Over the course of contributing to Cynics Unlimited, I have written a number of obituaries. I have never, though, written about any actors (or actresses, for any reader not familiar with the gender-neutral term ‘actor’). I generally don’t find the lives of actors particularly interesting – and for those who do, there’s always Kitty Kelley. However, I feel I just have to say something about the recently deceased James Gandolfini. Gandolfini, of course, was the actor who played Mafia chief Tony Soprano in the hit series The Sopranos. He died at a relatively young age (51), perhaps not in the prime of life as Princess Diana at 36, but not at an advanced 92 as did former actress and swim star Esther Williams earlier this month.
Though wildly successful as head of the Soprano ‘family’ (double meaning here!), James Gandolfini came under fire in some quarters for his role. Some accused him of promoting stereotypes of Italians as gangsters. For example, in 2000 the editor of an Ottawa-based Italian-language newspaper urged CTV to cancel their planned broadcast of The Sopranos for that very reason (the station didn’t cancel it, by the way). The editor was disgusted that at a time when Giuliano Zaccardelli had just been appointed Commissioner of the RCMP and Julian Fantino head of the Ontario Provincial Police, Italians were still being depicted as members of the criminal underworld. Of course, not all Italians shared the editor’s opinion.
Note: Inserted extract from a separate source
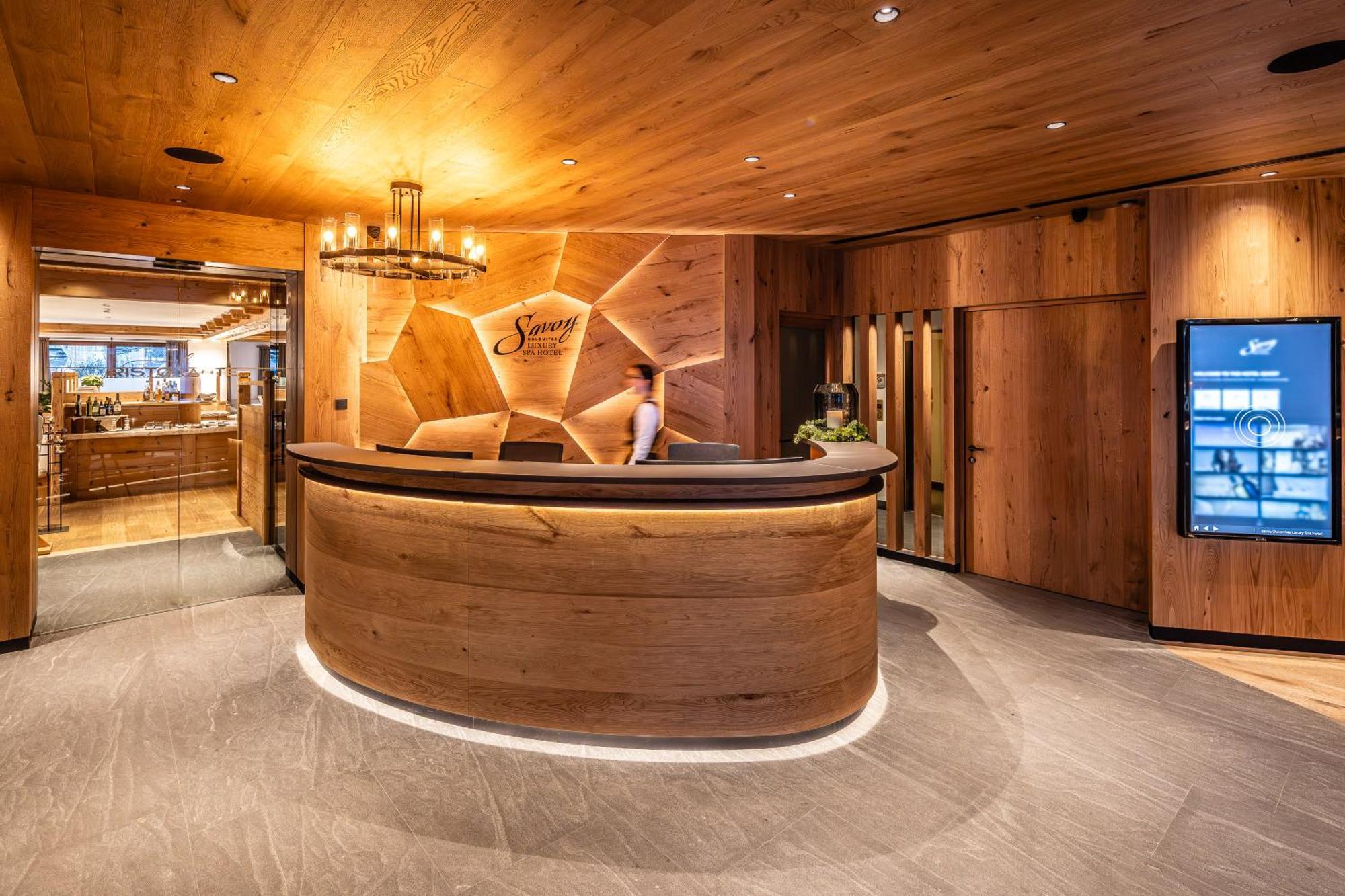 Savoy Dolomites Luxury & Spa Hotel Selva di Val Gardena Esterno foto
One of my aunts, who was born in Italy, was outraged when she heard that some people wanted to ban the show. ‘But I want to watch The Sopranos!’ she said angrily. ‘We all know there are people in our community who do those things [i.e. crime].’
Being of partial Italian descent myself, I watched the dispute over The Sopranos with amusement more than anything else. I found it hard to see The Sopranos as an anti-Italian plot when so many of the people involved in the show were of Italian origin themselves, not only Gandolfini but Edie Falco, who played Tony Soprano’s wife Carmela, and Lorraine Bracco, who acted as his psychiatrist Jennifer Melfi (I was pleased to discover that the Mafia had socially progressed somewhat since The Godfather, the title character of which told his son Michael that ‘Fooling around is for women and children, not men’). Even the very WASPish-sounding producer David Chase’s real last name was DiCesare.
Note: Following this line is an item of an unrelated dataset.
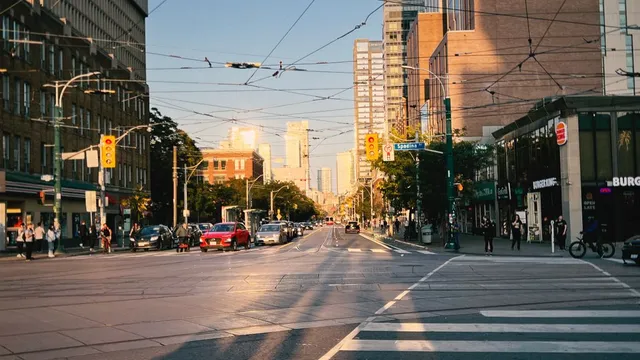 Un cruce de Spadina Avenue, en Toronto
James Gandolfini defended his choice to play the role of a Mafia boss. ‘Sure, you can have movies about sweet Italian Americans, but do they make money at the box office?’ he asked rhetorically. His remark reminded me a bit of a statement by Black actress Hattie McDaniel, who played (and won an Oscar for) Mammy in Gone with the Wind. When accused of catering to racial stereotypes by taking on servants’ roles in Hollywood, McDaniel replied, ‘I can be a maid for $7 a week or I can play a maid for $700 a week.’ Like it or not, the entertainment industry’s raison d’être is not to defend oppressed minorities; it is, as Gandolfini insinuated, to make money.
It also seems a bit late to get all up in arms about stereotypes of Italians as mobsters after the spate of Mafia films we’ve witnessed over the years. Although The Godfather is still considered THE Mafia movie, it was actually preceded by The Brotherhood four years earlier (1968), starring Kirk Douglas and Irene Papas. (By playing an Italian, Douglas, a Jew, showed his ethnic versatility – a decade before The Brotherhood, he appeared in the title role of the film The Vikings). It’s fair to say, however, that it was The Godfather, and its sequel Godfather II, that spawned a series of Mafia features. Some were well-done and critically acclaimed, like Goodfellas or Scarface; others forgettable but – to their credit – unpretentious, like Married to the Mob; and still others forgettable and pretentious, such as Prizzi’s Honor. The Sopranos is merely part of a long line of such works. And it probably won’t be the last, because again like it or not, the Mafia has obviously gained a stranglehold over the American viewing public.
So rest in peace, James Gandolfini. And maybe 20 years from now the people who criticized you for acting in The Sopranos will be glued to their seats watching a TV show about the Russian Mafia.